Reputation: 986
I would like to count the number of times a specific topic is brought up in a very long list of words. Currently, I have a dictionary of dictionaries where the outer keys are the topics and the inner keys are the keywords of that topic.
I am trying to efficiently count the keyword occurrences and maintain a cumulative sum of their corresponding topic occurrences.
Ultimately, I want to save the output for multiple texts. This is an example of what I currently have implemented. The issues I have with it are that it is extremely slow and that it does not store the keyword counts in the output DataFrame. Is there an alternative that resolves these issues?
import pandas as pd
topics = {
"mathematics": {
"analysis": 0,
"algebra": 0,
"logic": 0
},
"philosophy": {
"ethics": 0,
"metaphysics": 0,
"epistemology": 0
}
}
texts = {
"text_a": [
"the", "major", "areas", "of", "study", "in", "mathematics", "are",
"analysis", "algebra", "and", "logic", "in", "philosophy", "they",
"are", "ethics", "metaphysics", "and", "epistemology"
],
"text_b": [
"logic", "is", "studied", "both", "in", "mathematics", "and",
"philosophy"
]
}
topics_by_text = pd.DataFrame()
for title, text in texts.items():
topic_count = {}
for topic, sub_dict in topics.items():
curr_topic_counter = 0
for keyword, count in sub_dict.items():
keyword_occurrences = text.count(keyword)
topics[topic][keyword] = keyword_occurrences
curr_topic_counter += keyword_occurrences
topic_count[topic] = curr_topic_counter
topics_by_text[title] = pd.Series(topic_count)
print(topics_by_text)
Upvotes: 0
Views: 72
Reputation: 155
Not sure about the speed, But the following code stores the keywords count in a neat MultiIndexed fashion.

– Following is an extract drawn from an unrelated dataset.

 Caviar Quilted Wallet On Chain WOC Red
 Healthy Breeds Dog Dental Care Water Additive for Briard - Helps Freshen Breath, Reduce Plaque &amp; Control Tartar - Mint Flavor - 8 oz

# Returns a count dictionary
def CountFrequency(my_list, keyword):
freq = {}
for item in my_list:
freq[item] = 0
if (item in freq):
freq[item] += 1
else:
freq[item] = 1
dict_ = {}
for your_key,value in keyword.items():
try:
dict_.update({your_key: freq[your_key]})
except:
dict_.update({your_key: 0})
dict_['count'] = sum([value if (value != None) else 0 for value in dict_.values()])
return dict_
# Calculates count
output = {}
for key, value in texts.items():
for topic, keywords in topics.items():
try:
output[topic][key] = CountFrequency(value,keywords)
except KeyError:
output[topic] = {}
output[topic][key] = CountFrequency(value,keywords)
# To DataFrame
dict_of_df = {k: pd.DataFrame(v) for k,v in output.items()}
df = pd.concat(dict_of_df, axis=0)
df.T
Upvotes: 1